One of these days, the masses will choose software and data formats according to quality and freedom.
But something within me suspects that the Pope will convert to Islam, and the Jews will profess the divinity of Christ first.
-- In the beginning was the WORD, and the WORD was UNSIGNED, and the main(){} was without form and void...
I'm happy you brought Project Gutenberg into the discussion. PG is a wonderful resource. When the project was nascent in the 1970s and 80s reading ASCII on your TRS-80 probably seemed pretty neat. But now that the PG dream of preserving and distributing the printed word through digital technology has stagnated into a dogmatic cult with the goal of preserving ASCII it's time to reevaluate the meaning of Project Gutenberg.
Those of us who are literate and computer savvy and have seen places other than the USA recognize the harm that reducing printed material to chunks of ASCII does.
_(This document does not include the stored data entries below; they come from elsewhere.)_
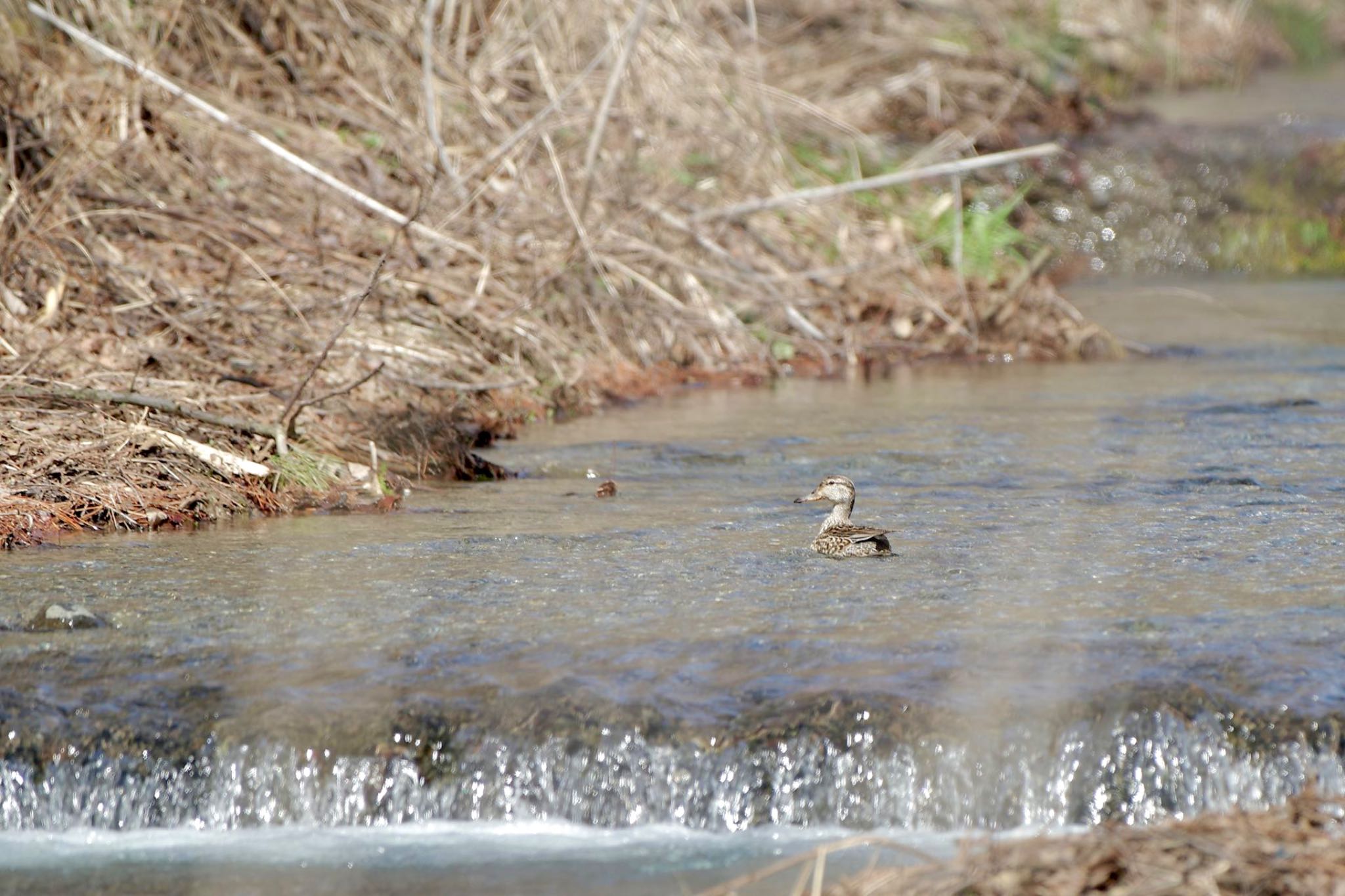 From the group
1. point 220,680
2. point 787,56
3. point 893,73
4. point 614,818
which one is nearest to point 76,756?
point 220,680

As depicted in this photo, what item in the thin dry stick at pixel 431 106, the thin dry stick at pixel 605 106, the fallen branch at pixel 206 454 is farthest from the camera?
the thin dry stick at pixel 431 106

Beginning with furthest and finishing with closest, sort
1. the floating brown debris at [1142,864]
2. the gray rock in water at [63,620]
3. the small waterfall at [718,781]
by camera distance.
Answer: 1. the gray rock in water at [63,620]
2. the small waterfall at [718,781]
3. the floating brown debris at [1142,864]

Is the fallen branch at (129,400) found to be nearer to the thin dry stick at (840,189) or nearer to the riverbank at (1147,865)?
the riverbank at (1147,865)

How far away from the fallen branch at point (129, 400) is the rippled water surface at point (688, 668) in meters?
0.57

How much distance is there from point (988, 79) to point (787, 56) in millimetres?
2076

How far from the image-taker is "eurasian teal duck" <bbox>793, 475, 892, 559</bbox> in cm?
580

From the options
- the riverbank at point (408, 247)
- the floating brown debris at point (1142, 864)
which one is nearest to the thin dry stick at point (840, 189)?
the riverbank at point (408, 247)

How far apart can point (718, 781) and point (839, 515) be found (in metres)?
1.84

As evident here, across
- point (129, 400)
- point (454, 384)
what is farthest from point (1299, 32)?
point (129, 400)

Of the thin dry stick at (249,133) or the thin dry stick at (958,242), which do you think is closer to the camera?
the thin dry stick at (249,133)

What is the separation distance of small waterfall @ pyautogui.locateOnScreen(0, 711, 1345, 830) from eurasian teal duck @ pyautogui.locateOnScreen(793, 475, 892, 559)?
4.80 feet

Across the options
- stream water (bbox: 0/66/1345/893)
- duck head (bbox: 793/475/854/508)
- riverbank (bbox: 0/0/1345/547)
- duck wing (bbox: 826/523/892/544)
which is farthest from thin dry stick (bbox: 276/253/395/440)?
duck wing (bbox: 826/523/892/544)

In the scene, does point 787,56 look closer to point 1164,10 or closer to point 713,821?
point 1164,10

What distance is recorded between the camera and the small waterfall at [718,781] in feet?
14.1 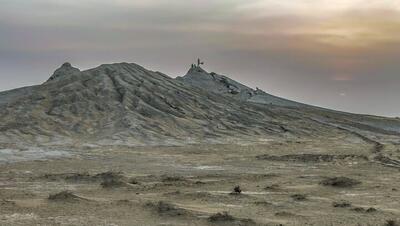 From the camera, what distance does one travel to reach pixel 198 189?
27484 mm

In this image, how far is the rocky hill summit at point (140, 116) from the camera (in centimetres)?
6300

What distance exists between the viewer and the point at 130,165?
129 feet

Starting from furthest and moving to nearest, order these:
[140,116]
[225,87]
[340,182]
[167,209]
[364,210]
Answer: [225,87] → [140,116] → [340,182] → [364,210] → [167,209]

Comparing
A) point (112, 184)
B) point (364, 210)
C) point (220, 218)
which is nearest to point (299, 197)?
point (364, 210)

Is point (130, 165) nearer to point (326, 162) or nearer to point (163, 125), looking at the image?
point (326, 162)

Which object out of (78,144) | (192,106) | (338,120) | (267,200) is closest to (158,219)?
(267,200)

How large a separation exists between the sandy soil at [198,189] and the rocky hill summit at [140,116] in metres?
15.3

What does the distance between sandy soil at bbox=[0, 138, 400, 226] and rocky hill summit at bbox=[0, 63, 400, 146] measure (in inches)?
600

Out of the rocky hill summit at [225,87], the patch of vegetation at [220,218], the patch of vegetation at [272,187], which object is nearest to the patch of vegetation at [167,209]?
the patch of vegetation at [220,218]

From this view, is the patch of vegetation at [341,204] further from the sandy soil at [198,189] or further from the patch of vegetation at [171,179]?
the patch of vegetation at [171,179]

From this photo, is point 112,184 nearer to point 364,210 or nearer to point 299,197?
point 299,197

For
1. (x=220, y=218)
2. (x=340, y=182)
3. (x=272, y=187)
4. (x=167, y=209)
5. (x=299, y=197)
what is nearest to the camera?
(x=220, y=218)

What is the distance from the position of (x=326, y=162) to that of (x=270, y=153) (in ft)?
26.0

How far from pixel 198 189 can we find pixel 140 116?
45.5 m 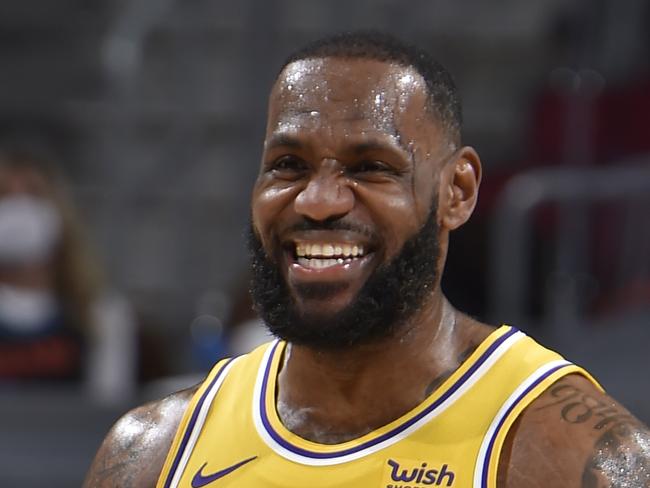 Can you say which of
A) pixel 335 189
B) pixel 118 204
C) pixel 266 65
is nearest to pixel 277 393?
pixel 335 189

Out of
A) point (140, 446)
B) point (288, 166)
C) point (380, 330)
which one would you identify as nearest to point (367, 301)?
point (380, 330)

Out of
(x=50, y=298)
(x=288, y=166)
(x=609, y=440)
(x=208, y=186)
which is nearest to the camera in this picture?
(x=609, y=440)

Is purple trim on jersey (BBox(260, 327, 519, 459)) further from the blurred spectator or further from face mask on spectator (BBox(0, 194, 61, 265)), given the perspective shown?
face mask on spectator (BBox(0, 194, 61, 265))

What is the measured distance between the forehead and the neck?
1.36 ft

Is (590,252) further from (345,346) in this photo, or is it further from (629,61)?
(345,346)

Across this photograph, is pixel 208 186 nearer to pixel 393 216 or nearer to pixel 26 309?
pixel 26 309

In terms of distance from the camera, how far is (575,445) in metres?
2.78

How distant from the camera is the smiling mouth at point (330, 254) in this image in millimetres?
2908

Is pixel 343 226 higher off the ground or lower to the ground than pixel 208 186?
higher

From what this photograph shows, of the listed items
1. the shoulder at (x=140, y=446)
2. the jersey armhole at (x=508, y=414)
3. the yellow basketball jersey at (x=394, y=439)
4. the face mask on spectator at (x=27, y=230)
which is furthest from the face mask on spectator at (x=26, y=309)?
the jersey armhole at (x=508, y=414)

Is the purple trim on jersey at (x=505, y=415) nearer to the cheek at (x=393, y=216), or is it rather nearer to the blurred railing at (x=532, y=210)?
the cheek at (x=393, y=216)

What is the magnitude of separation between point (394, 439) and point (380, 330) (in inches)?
8.6

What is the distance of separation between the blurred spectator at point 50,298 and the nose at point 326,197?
12.6 feet

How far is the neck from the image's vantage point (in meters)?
3.04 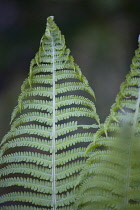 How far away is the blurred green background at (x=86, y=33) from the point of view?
2562mm

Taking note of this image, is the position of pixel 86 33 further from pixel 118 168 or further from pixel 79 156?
pixel 118 168

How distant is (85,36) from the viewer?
269 centimetres

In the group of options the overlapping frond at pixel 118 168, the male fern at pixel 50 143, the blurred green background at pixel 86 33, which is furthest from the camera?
the blurred green background at pixel 86 33

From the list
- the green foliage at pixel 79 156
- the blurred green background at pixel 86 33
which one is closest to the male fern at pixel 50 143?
the green foliage at pixel 79 156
And far from mere loss of formatting or typographical embellishments much of the meaning of a text is destroyed when run through the chunky sieve of ASCII conversion. Most accented Roman characters cannot be rendered in ASCII. Non-Roman characters cannot be rendered in ASCII. Typographical features such as relative type size, style, and formatting are either lost entirely or reduced to the low-res rendering capabilities of monospaced ASCII. ASCII has no provision for rendering traditional methods of communicating typographically such as small caps, ligatures, distinction between hyphen, endash, and emdash, etc. despite the fact that virtually every printed text makes use of these features.
Digital technology has progressed without our friends at Project Gutenberg. There is an alternative to ASCII which is now standard to all major computing platforms: Unicode. From the unicode.org website:
Unicode provides a unique number for every character, no matter what the platform, no matter what the program, no matter what the language.
Encoding the PG texts in Unicode would require no extra effort on the part of the PG volunteers (well, those who have moved on from their TRS-80s, anyway).
Why not use technology that attempts to accomodate the typographical traditions inherent in your source material rather than reducing that material to fit an obsolete technology?
And even if you still cling to your belief in the infinite beauty, timelessness, and universality of ASCII, please stop using linefeeds every 70 characters within paragraphs. WTF do you Project Gutenbergers imagine we read these texts on TRS-80s?